Coronavirus health measures have improved significantly during the first quarter of 2022, according to a survey of experts. On average, assessments were up 10 points compared to the previous quarter. Moreover, the respondents favored a further easing of restrictions. These are among the findings of the latest Economic Experts Survey (EES) – a global quarterly survey conducted by the ifo Institute and the Swiss Economic Policy Institute – which this time had 1,603 participants from 132 countries.
“While protecting public health has been the priority during the pandemic, the economic cost of the coronavirus has been high,” says ifo researcher Niklas Potrafke. “The relatively mild effects of the Omicron variant mean that restrictions can now be eased considerably.”

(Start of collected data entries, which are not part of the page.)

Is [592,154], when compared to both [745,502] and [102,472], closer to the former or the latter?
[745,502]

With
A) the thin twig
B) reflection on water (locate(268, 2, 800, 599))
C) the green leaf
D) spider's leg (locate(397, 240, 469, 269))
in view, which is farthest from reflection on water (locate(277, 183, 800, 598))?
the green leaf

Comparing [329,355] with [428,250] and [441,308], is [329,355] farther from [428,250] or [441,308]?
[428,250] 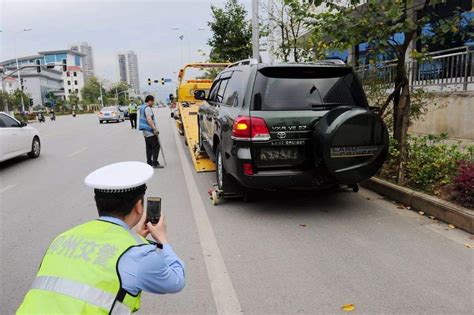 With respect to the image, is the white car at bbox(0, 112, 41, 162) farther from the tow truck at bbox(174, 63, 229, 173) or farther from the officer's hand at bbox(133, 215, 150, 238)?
the officer's hand at bbox(133, 215, 150, 238)

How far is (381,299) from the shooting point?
3.36 m

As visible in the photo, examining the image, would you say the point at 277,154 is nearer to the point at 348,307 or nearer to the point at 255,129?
the point at 255,129

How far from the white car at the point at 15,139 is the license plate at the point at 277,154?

Calls to ease current restrictions were particularly common among respondents from Asia and Europe. In only four out of 18 regions, especially in Africa (Figure 1), did the respondents recommend a mild tightening of restrictions. “Easing restrictions hinges on the availability of vaccines. The number of people in African countries who have been vaccinated against Covid-19 is still comparatively low,” Potrafke says.
The panel was also asked about fiscal policy designed to cushion the economic impact of the coronavirus pandemic. Participants rated coronavirus fiscal policy for most of Asia and Europe as much better than in the previous quarter, and for Central Africa as much worse. Overall, they recommend more expansive fiscal policy. The survey ran from February 16 to March 2, 2022.
Please note: The figure shows the regional mean of the questions “How do you rate your country’s current Covid-19 public health measures?” (left panel) and “How would you change your country’s current Covid-19 public health measures?” (right panel). The panel was asked for a comparison with the previous quarter, with possible answers ranging from −100 (“worse”) to +100 (“better”) or from −100 (“stricter”) to +100 (“looser”). The data is first averaged at the country level and then within 18 world regions.